From: Mark Davis (mark.edward.davis@gmail.com)
Date: Thu Apr 16 2009 - 18:42:42 CDT

  • Next message: Bjoern Hoehrmann: "Re: Handling of Surrogates"

    > If you use the definition
    > '\uxxxxx' - escape sequence for a UTF-16 code unit
    > '\Uxxxxxxxx' - escape sequence for a UTF-32 code unit

    You'll have to stop there, because that isn't the definition typically (or
    certainly not universally) used. In practice, these conventions arose as an
    adaption as we went from UCS-2 to UTF-16:

    \u means the code point and the equivalent code unit (for these cases they
    have identical numeric values).

    \U means the code point and the equivalent code unit if <= FFFF (for these
    cases they have identical numeric values),
    and otherwise a code point and the equivalent two paired code units.

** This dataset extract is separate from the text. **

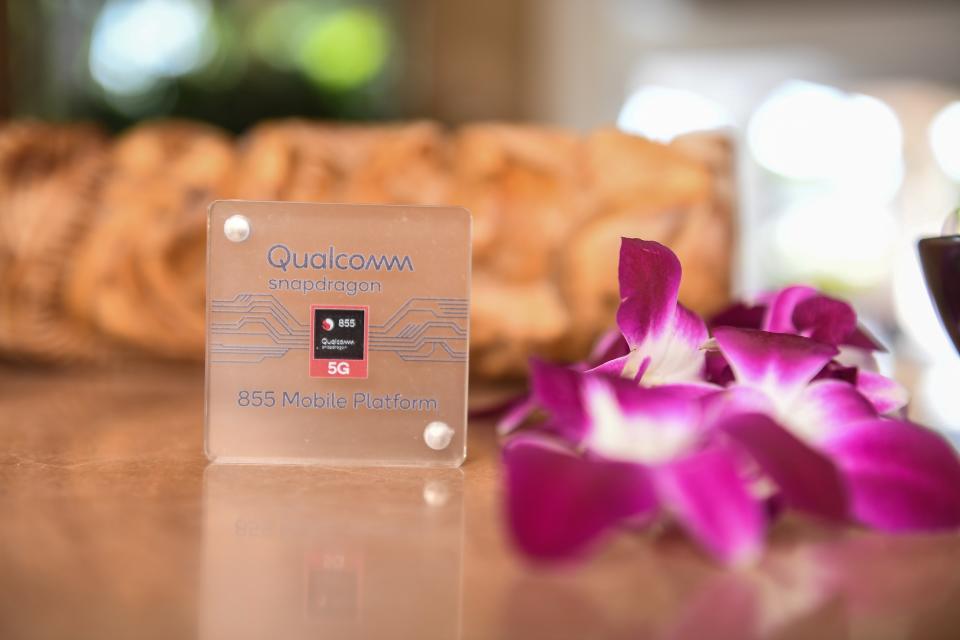 A Snapdragon 855 chip next to flowers.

    While it would be possible to restrict the recognized escapes, best practice
    for interoperability is to accept all 7. When generating, as I said, it
    would be cleaner to not do A.3 or B.3, and to do B.2 if and only if B.4 is
    unavailable.

    > Further, you create the problem that illegal UTF-32 can get converted to
    legal UTF-32.

    These conventions are designed for and typically used for UTF-16 literal
    text. And if they are used with other UTFs, they should be interpreted as
    representing what they would be in UTF-16. That is, each of the 7 formats I
    listed would have the corresponding meaning.

    > You now have introduced into your distributed application a way to convert
    illegal UTF-32 sequences silently to legal UTF-32 sequences. From a security
    point of view, that would give me pause.

    First off, essentially nobody uses UTF-32 for interchange, so your example
    would have been better as UTF-8 (you can do the same example). Secondly,
    yes, this escaping format is based on UTF-16, and thus has some history
    behind it. But it doesn't present any significant problem. You can get
    well-formed result from an ill-formed source if:

       - If you convert ill-formed UTF-32 or UTF-8 to the escaped form without
       checking for ill-formed source, *OR*
       - If you convert ill-formed UTF-32 or UTF-8 to UTF-16 without checking
       for ill-formed source.

    Of course, if I also do a conversion from UTF-32 where I replace surrogate
    code points by FFFD, I also get a valid result. The key problem for security
    is where I can sneak harmful characters past a gatekeeper. Very few servers
    use surrogate characters (or FFFD) as syntax characters ;-)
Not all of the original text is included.